I raised an eyebrow at her and wondered if she had had some type of lapse because obviously she didn’t remember where we lived.

“Hmmm....possibilities, possibilities,” I said sarcastically, tapping my chin with my pointer finger. “So many places, so little time.”

“Hmph. Well, then I suppose we can stay here and do nothing like you do every day,” she said, raising one eyebrow at me.

“First of all, if I did think of somehting to do, you would object to it because you hate all the places I like to go,” I started.

“I do not!” she protested.

“You kind of do.”

“Even so,” she said. “Just think of somewhere and we can go there. I promise I won’t object.”

I paused for a moment.

“I honestly can’t really think of anywhere.”

She narrowed her eyes at me. “Are you kidding me?”

“Well, you should’ve warned me that we’d be doing this a week ago so that I’d have time to at least think about it a little more,” I said.

“I didn’t think of it until last night,” she said.

“All right, all right, I’m sure I can think of something,” I said. “Fantastic Records?” I suggested.

She wrinkled up her nose.

“See!” I said, pointing.

She rolled her eyes. “All right, I’m sorry. We can go there...if you really want to, I guess,” she mumbled. “As long as we go to Barnes and Noble afterwards.”

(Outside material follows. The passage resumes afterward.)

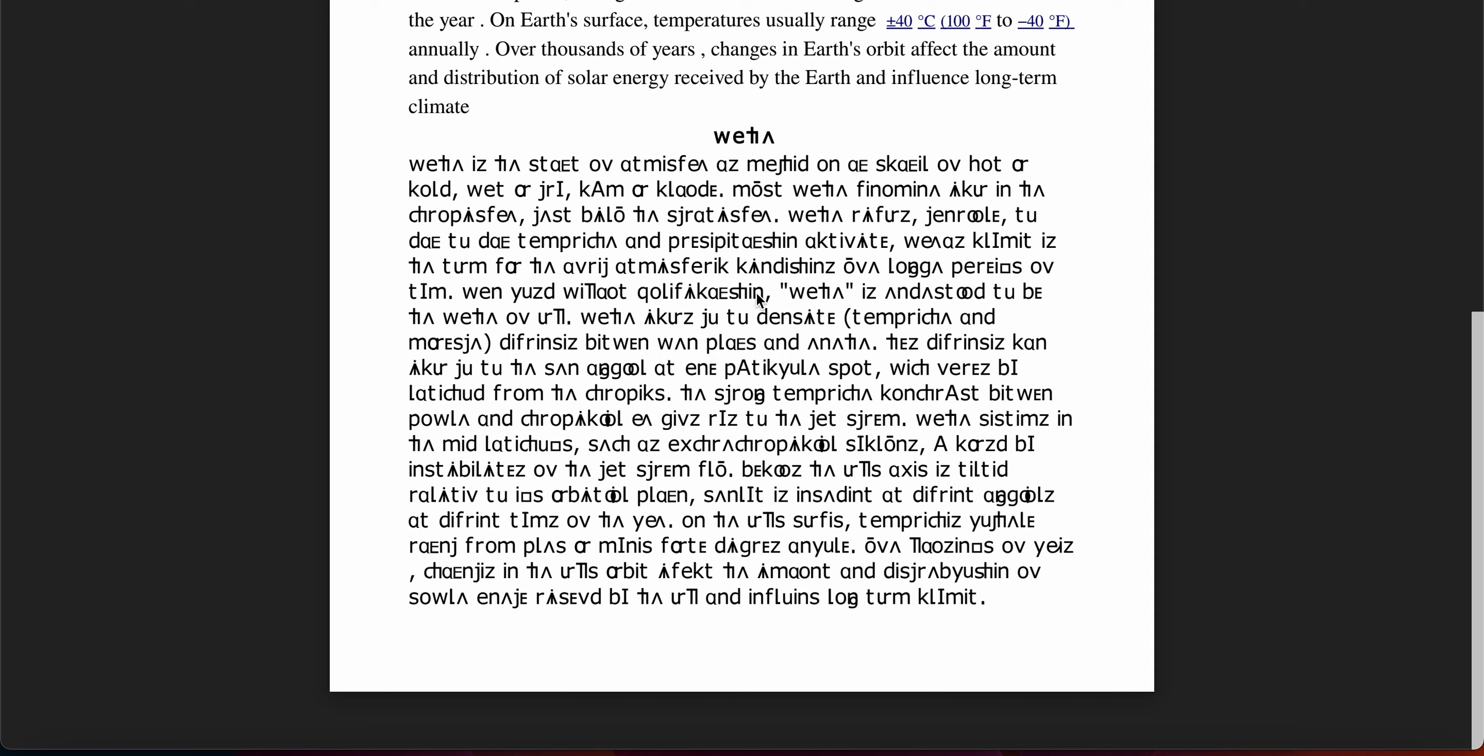When used without qualification, weather is understood to be the weather of Earth.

“How about you go there while I go across the street to Fantastic Records?” I suggested.

“No, that’s fine,” she said. “There’s a CD I’ve been looking to buy anyway.”

“What CD? It had better not be something dorky like the last CD you bought.”

“I do not buy dorky CDs!” she said.

Nope, I couldn’t think of one reason I would want to stay in Oklahoma. Maybe I would soon, though.